→ **DATASET EXCERPT**:
····················

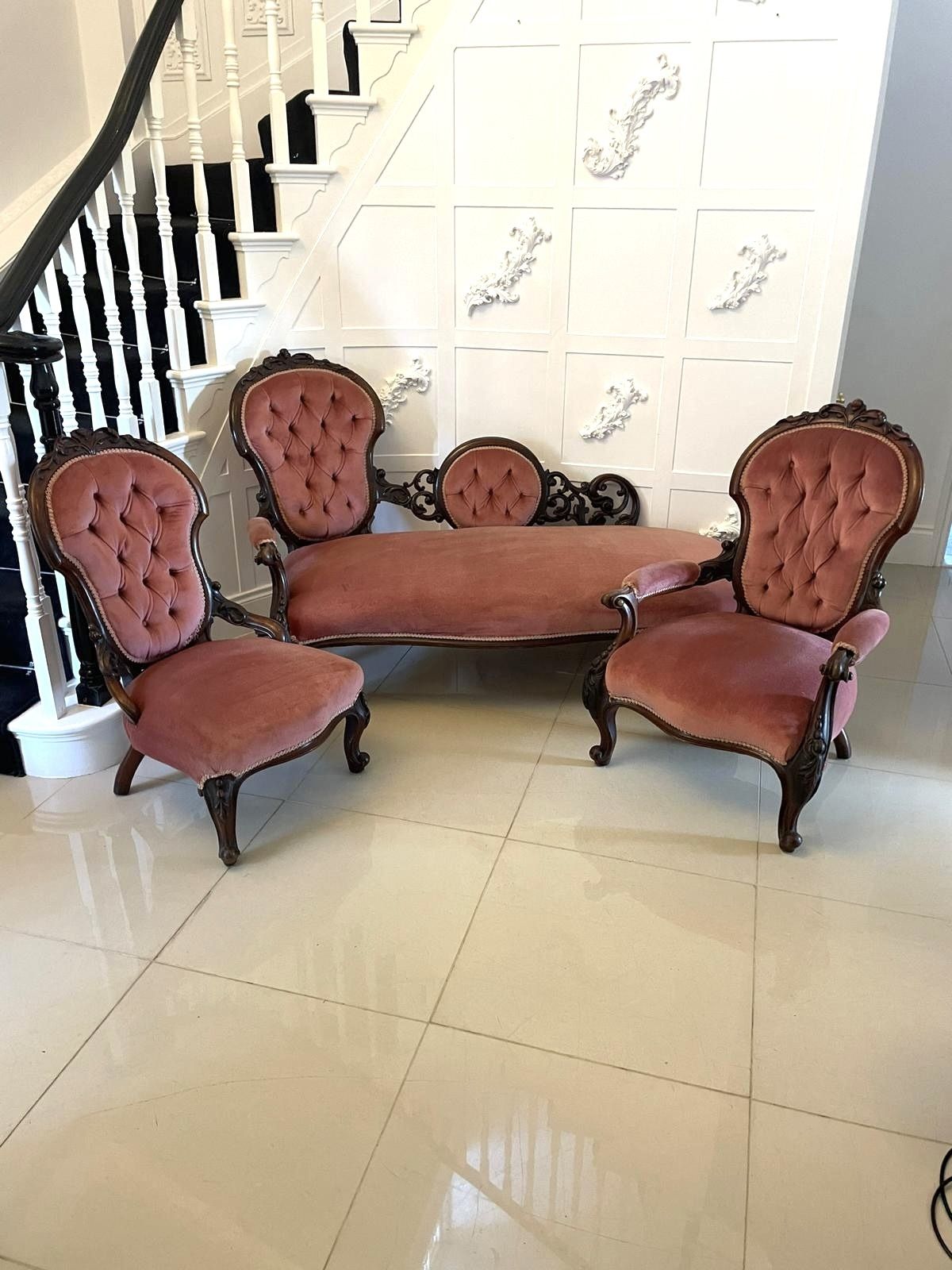 Fantastic Quality Antique 19th Century Carved Walnut 3 Piece Suite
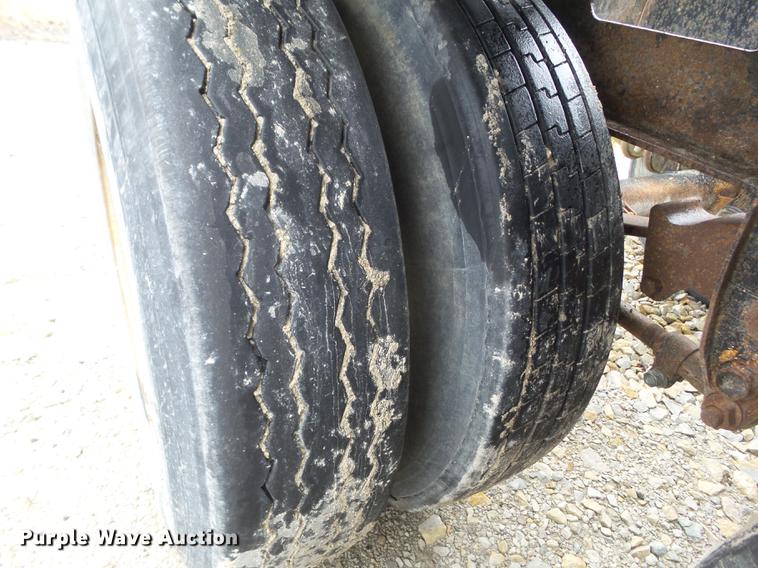 image for item DZ9258 1998 Circle R SS443 side dump trailer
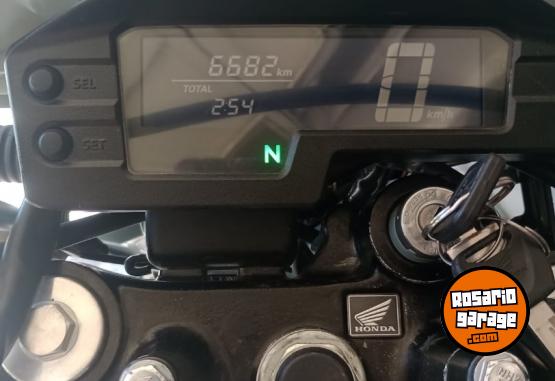 Motos - Honda Tornado 2024 Nafta 7000Km - En Venta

····················

→ **WHAT TO DO**: Reproduce the data verbatim. Do not carry any picture into the copy.

→ **RESPONSE BOX**:
 Fantastic Quality Antique 19th Century Carved Walnut 3 Piece Suite
 image for item DZ9258 1998 Circle R SS443 side dump trailer
 Motos - Honda Tornado 2024 Nafta 7000Km - En Venta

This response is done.